LES petits enfants at Holy Trinity School, Marlow, have left their opponents in tongue-tied knots by winning every single prize in a French competition.

The ten and 11-year-olds are among the few schoolchildren learning French in the county's primary schools.

The competition was organised by David Hood, Buckinghamshire County Council's foreign languages adviser, and the languages department of the Royal Grammar School in High Wycombe.

Headmaster of Holy Trinity Primary School, David Cousins, said: "We were given a brief that we had to put together a pack of the children's writing.

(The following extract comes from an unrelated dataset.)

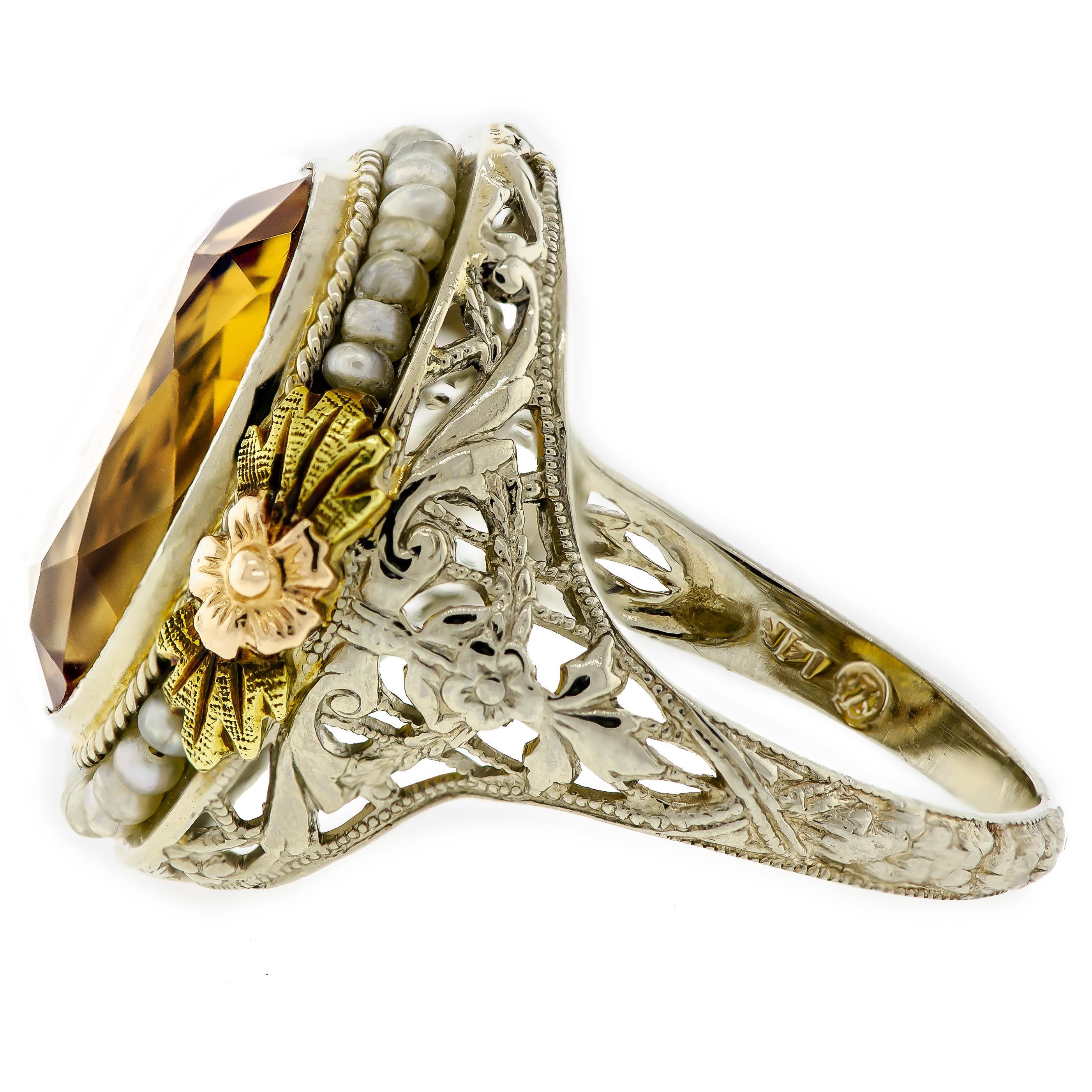 Women's or Men's Lovely Art Deco Citrine Seed Pearl White and Yellow Gold Filigree Ring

"We hoped to get maybe one prize but we got the lot it was very surprising. The children wrote about who they were, what they did, and their likes and dislikes.

Mr Cousins added that French was a school strength.

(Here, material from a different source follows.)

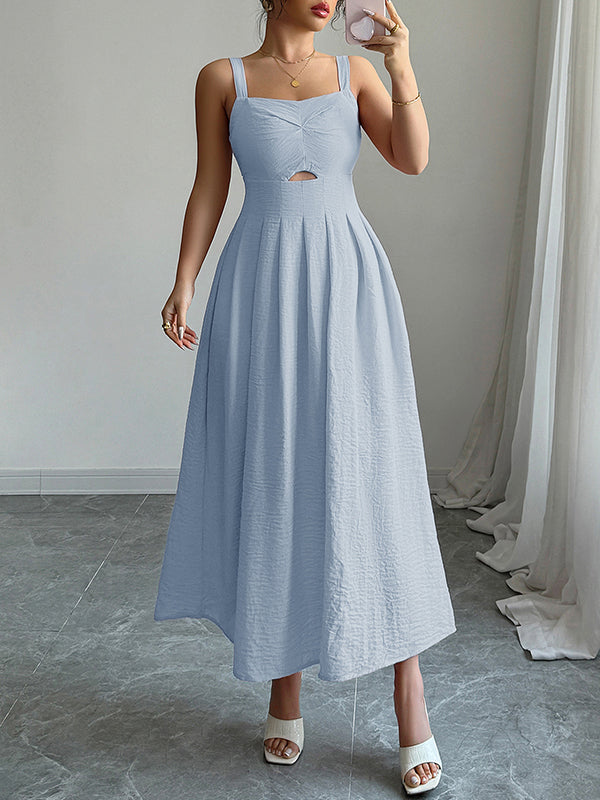 Backless Hollow Pleated Solid Color Zipper A-line High Waisted Spaghetti-Neck Midi Dresses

"The competition was designed to raise the profile of French in primary schools and here it is a strength

"I have got a member of staff who is very skilled and the subject is well resourced and we look at Britain and Europe and the variety of languages in the world as well as Europe.

"The children look at where you can go if you speak French and things like that.

"It is a particularly strong suit for us as we have an enthusiastic member of staff and it was recognised as a strength in our Ofsted inspection," he said.

The competition winners were named as: Maxine Simpson, Tom Bowers, Rebecca Austin, Dominic Graul, Kate Garmon-Jones, Alison Maliss, Bonnie Savin, Edward Godfrey, Sophie Colborne, Victoria Gibson-Robinson.